礼美編 (莉愛vs虹)2
罠を張っても引っかからない、単純に強いだけと言われればそうなのだが自分が見落とした手は相手も同じように見落としているように感じる。虹野姉妹と莉愛はどちらも居玉で指していたがチャンスに見せかけた仕掛けに乗ってこない、双方手詰まりになっていた。仕方なく囲い始める。
「 龍の知識+自分の読み+相手の読みも入る、これはほぼ無敵んごwww」
心の中で莉愛は高笑いしていた。相手が強ければ強いほどその力を返せる。あまり弱いとポカで負けることを子供の頃に学習してから自力でもちゃんと読むようになっていた。
「 それにしても二人とも先の先まで読むんごね、こっちは次の手だけ聞き逃さなければ良いんごwwそれにしても龍の焦ってる声がさっきから少しウザいんご」
「 くそっもうこっち指してんのか、駒組はなんとかなった、どっちも穴熊に組むだけは組めた」
「 龍さっきからうるさいんご、落ち着いて指すんご」
「 さっきからって、今しゃべっただけだぞ、ああ、そうか、そうだな、少し落ち着くな」
龍は焦って心の声が莉愛の邪魔をしていることに気が付いた、俺はあくまでもお伴に来てるだけ、相手も級位者とか初段だし、仮に負けてもどうでも良い話だ、姉貴の邪魔をしないことが一番の仕事だな。

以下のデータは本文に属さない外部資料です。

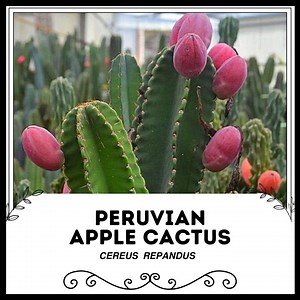 Peruvian Apple Cactus - Cereus Repandus - Rare 'cactus' Seeds - Hedge Cactus, Pink-green, Giant Club Cactus, Queen of the Night, Pitaya - Etsy Canada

落ち着いてからの龍の指しまわしは隙がなく、紅子、雪、相手に勝勢になっていった。
「 むむぅこれは苦しいねぇ、指す手がなくなってきたよー」
紅子が騒ぎ始めた、雪も一生懸命考えているが劣勢なのは誰が見てもすぐ分かる。
「 ありません」
「 まいりました」
「 こっちもまいったよおお、することねーよおお」
雪とひかりがほぼ同時に投了し、それを見て紅子も声を上げた。
「 なんとか勝ったか、3面ってことは3人の声を同時に聞いてるってことだろ?一体形勢はどうなってるんだ?俺が盤面読めば多少は姉貴の応援になるのか?」
「 難しい局面だな、終盤の読みだけなら姉貴の方が上だ、うっかりの筋だけ俺が読んで潰しておくか、それが姉貴に伝わるかどうかは分からないんだが、ってここで顔面受けか、俺の想像の遥か上だな、ほほーここで歩の突き捨て?取らせて?自陣に受ける?なるほどなー」
「 龍、気が散るからあっち行ってるんご」
莉愛が怒り気味に言った、完全に聞こえているようだ、真後ろから見てるから姿は見えないはず。
「 少し散歩してきます。」
「 あらあらトイレかしら?その先を右に曲がって突き当り付近にあるわよ?」
「 あーあざっす、行ってきます」
顧問の先生に会釈すると龍は落ち着いて歩いた、俺の声が一番はっきり聞こえるって言ってたからな、少し離れれば相手の声だけになるだろうから邪魔せずに済むか、龍は気を使ってトイレに何をするでもないが入った。
こいつら攻めの手ばかり読みすぎんご、虹野姉妹もおかしな感覚を味わっていたが莉愛もまたおかしな感覚を味わっていた。▲7八銀▲同銀左▲同銀▲7八銀▲8八玉▲7七歩▲同金 ってなんで自分の駒ばかり脳内で動かしてるんご?将棋は交互に指さないと成立しないんごよ。妹の方はまだマシんごね、考えが読めると言えば読めるがそれでも攻めの方ばかりしか読まないから結局半分は莉愛本人が読むしか無かった。姉は後回しにして妹の方を先に片づけるんごよ。